Segment Open
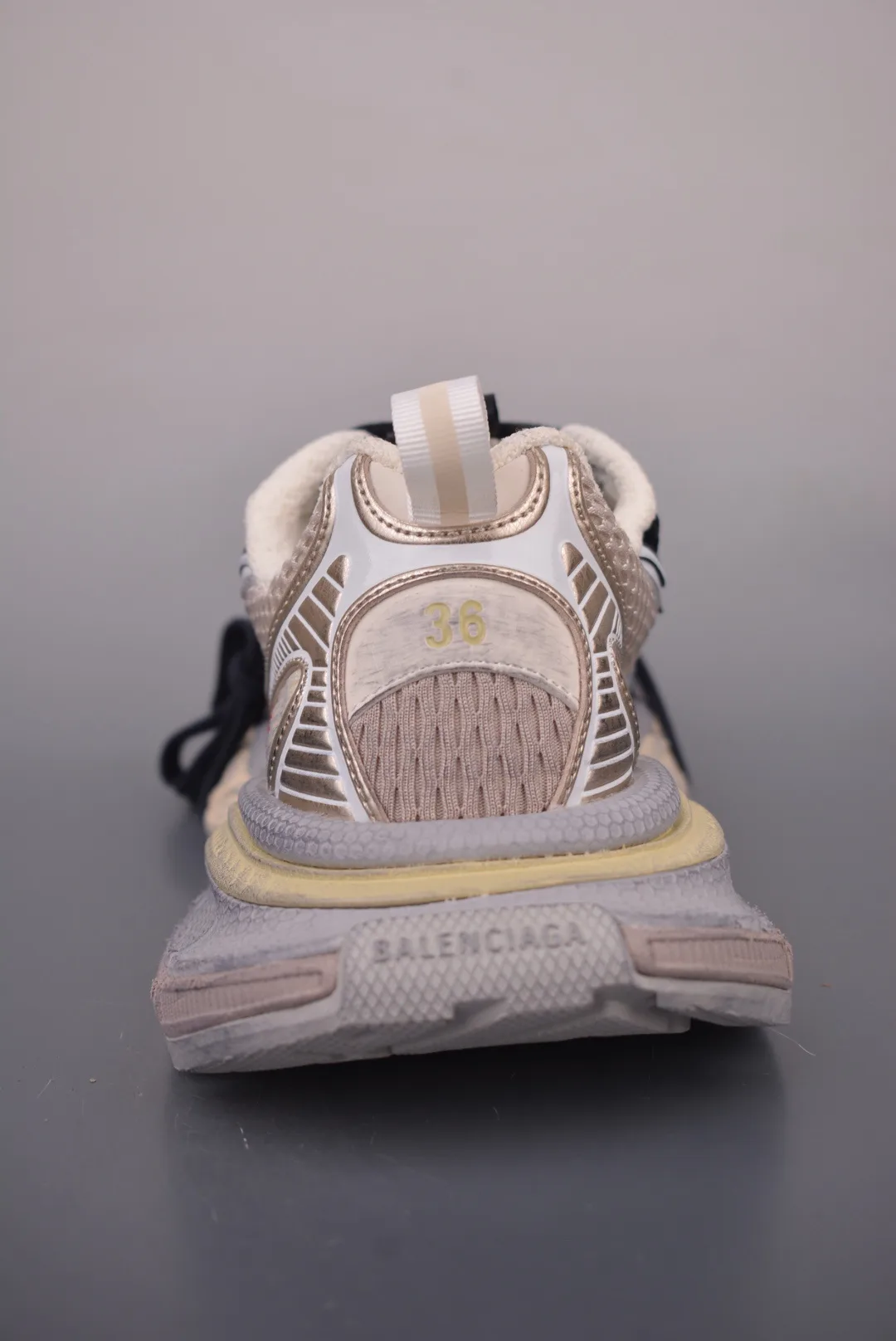 Кроссовки Женские Balenciaga 17429962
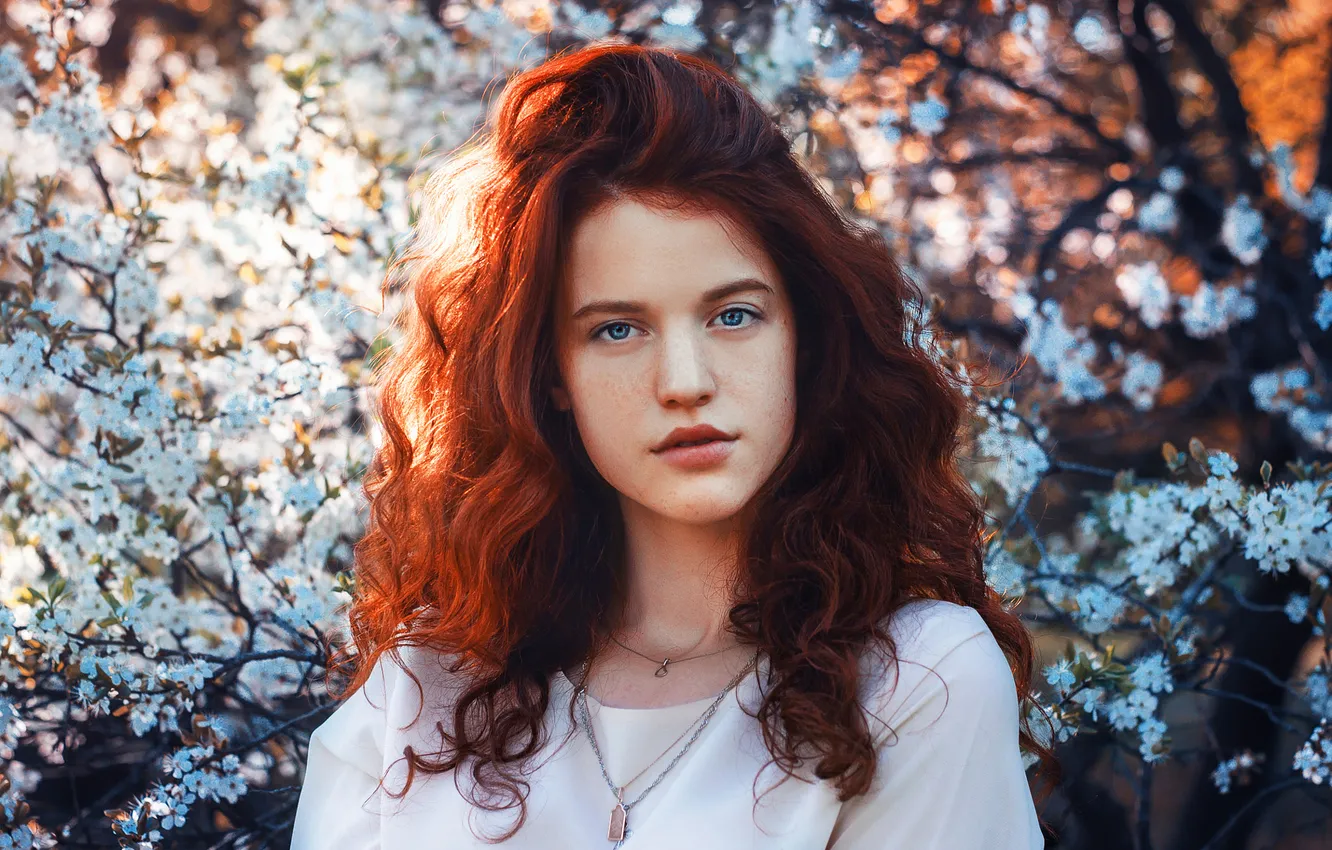 Photo wallpaper look, girl, light, flowers, branches, nature, face, pose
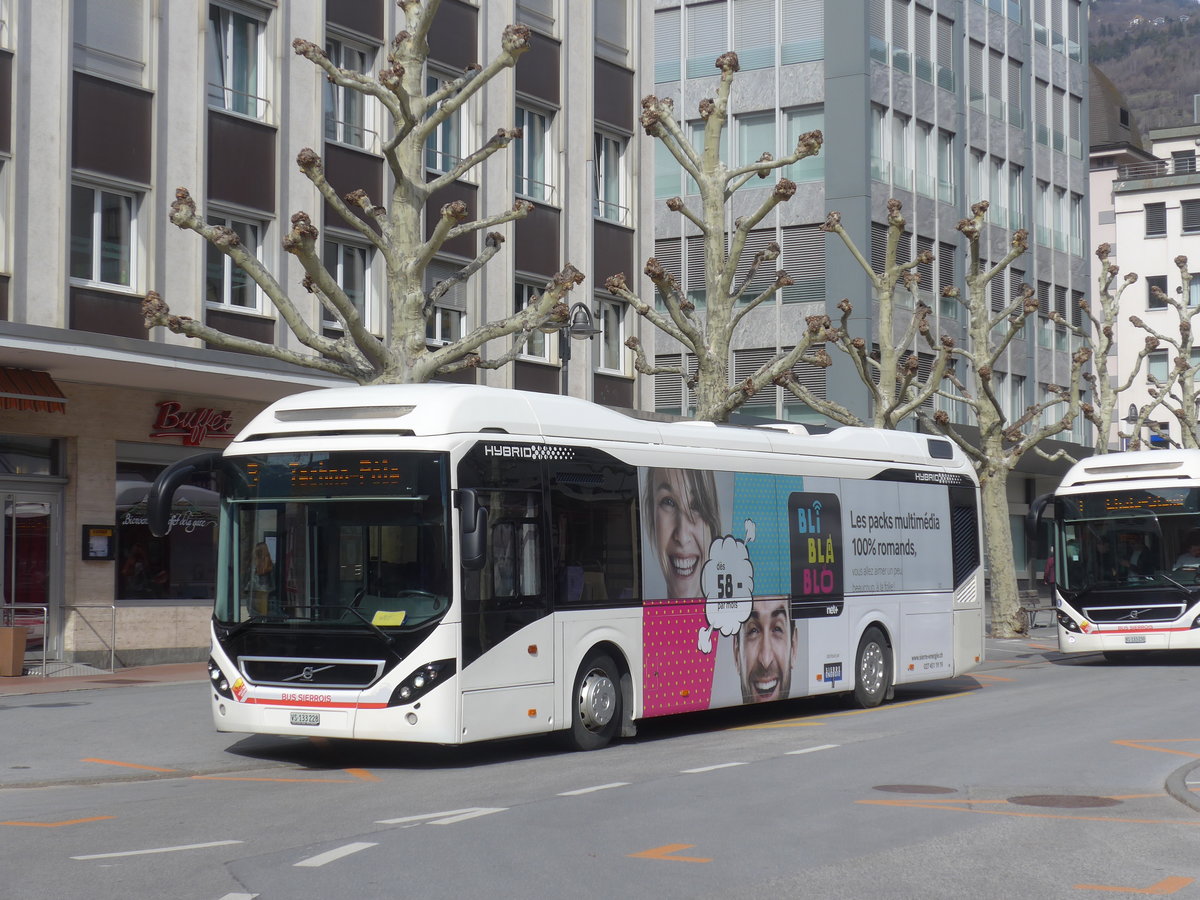 (189'720) - BS Sierre - VS 133'228 - Volvo am 30. Mrz 2018 beim Bahnhof Sierre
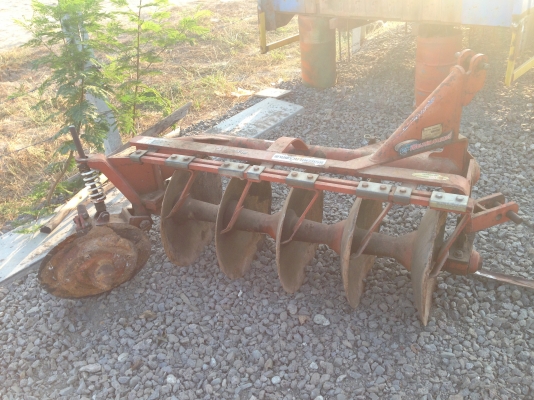 ขายด่วน KUBOTA B2420 เครื่องดี มีภาพวีดีโอ อุปกรณ์ มี 3 รายการ ผาน5 โรตารี่ ล้อเหล็ก สภาพสวยพร้อมใช้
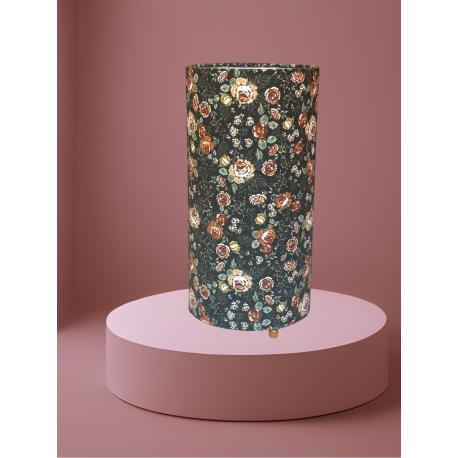 Lampe fleurs et fond noir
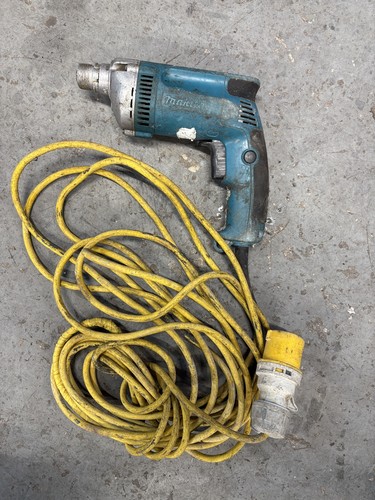 Makita 110v screw gun - screw,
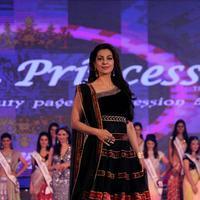 Juhi Chawla - Juhi and Govinda at Grand finale Indian Princess 2014 Season 5 Photos | Picture 714961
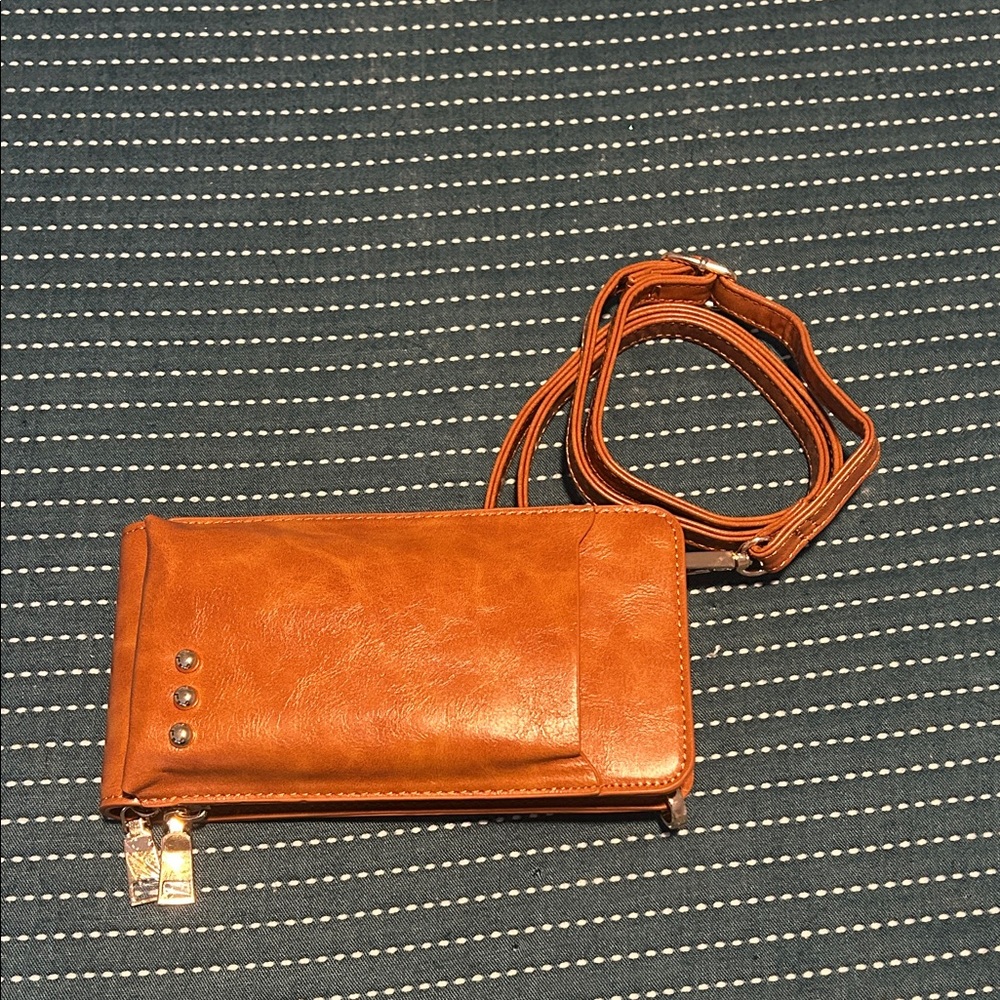 NWOT PRETTY SIMPLE CROSS BODY PHONE WALLET BAG. COGNAC.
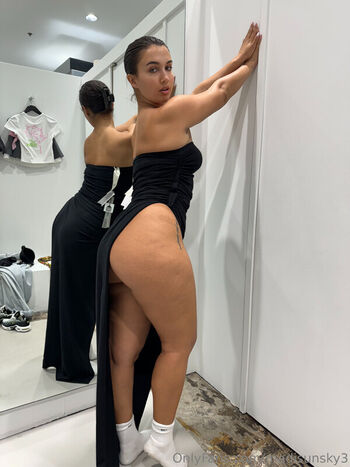 Full leaked Madisun sky private onlyfans photo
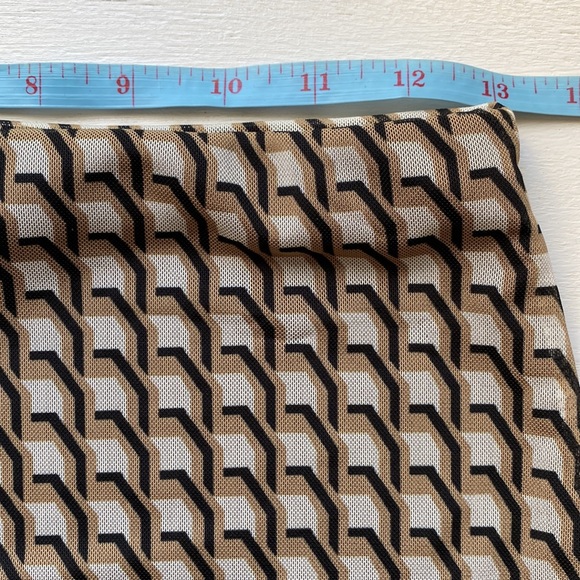 Misguided mesh cuved hem geometric print mini skirt stone Sz. 6 stretch NWT - Picture 5 of 13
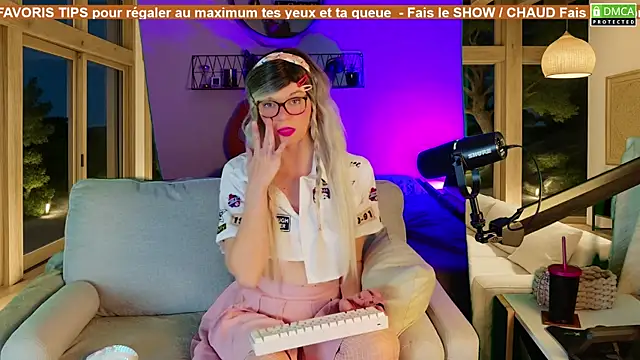 Kittychatte online show from 5, 11, 2025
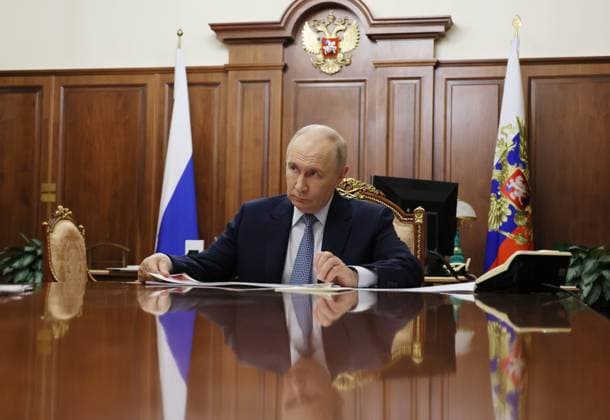 Russia Putin 9243673 15.09.2026 Russian President Vladimir Putin meets with Head of the Federal Service for the Oversight of Consumer Protection and Welfare (Rospotrebnadzor) - Russian Chief State Sanitary Physician Anna Popova at the Kremlin in Moscow, Russia. Vyacheslav Prokofiev Sputnik Moscow Russia  Copyright: xVyacheslavxProkofievx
Segment Closed
**TASK DESCRIPTION**: Word for word, return the material, omitting the pictures.

**RESPONSE TO THIS TASK**:
 Кроссовки Женские Balenciaga 17429962
 Photo wallpaper look, girl, light, flowers, branches, nature, face, pose
 (189'720) - BS Sierre - VS 133'228 - Volvo am 30. Mrz 2018 beim Bahnhof Sierre
 ขายด่วน KUBOTA B2420 เครื่องดี มีภาพวีดีโอ อุปกรณ์ มี 3 รายการ ผาน5 โรตารี่ ล้อเหล็ก สภาพสวยพร้อมใช้
 Lampe fleurs et fond noir
 Makita 110v screw gun - screw,
 Juhi Chawla - Juhi and Govinda at Grand finale Indian Princess 2014 Season 5 Photos | Picture 714961
 NWOT PRETTY SIMPLE CROSS BODY PHONE WALLET BAG. COGNAC.
 Full leaked Madisun sky private onlyfans photo
 Misguided mesh cuved hem geometric print mini skirt stone Sz. 6 stretch NWT - Picture 5 of 13
 Kittychatte online show from 5, 11, 2025
 Russia Putin 9243673 15.09.2026 Russian President Vladimir Putin meets with Head of the Federal Service for the Oversight of Consumer Protection and Welfare (Rospotrebnadzor) - Russian Chief State Sanitary Physician Anna Popova at the Kremlin in Moscow, Russia. Vyacheslav Prokofiev Sputnik Moscow Russia  Copyright: xVyacheslavxProkofievx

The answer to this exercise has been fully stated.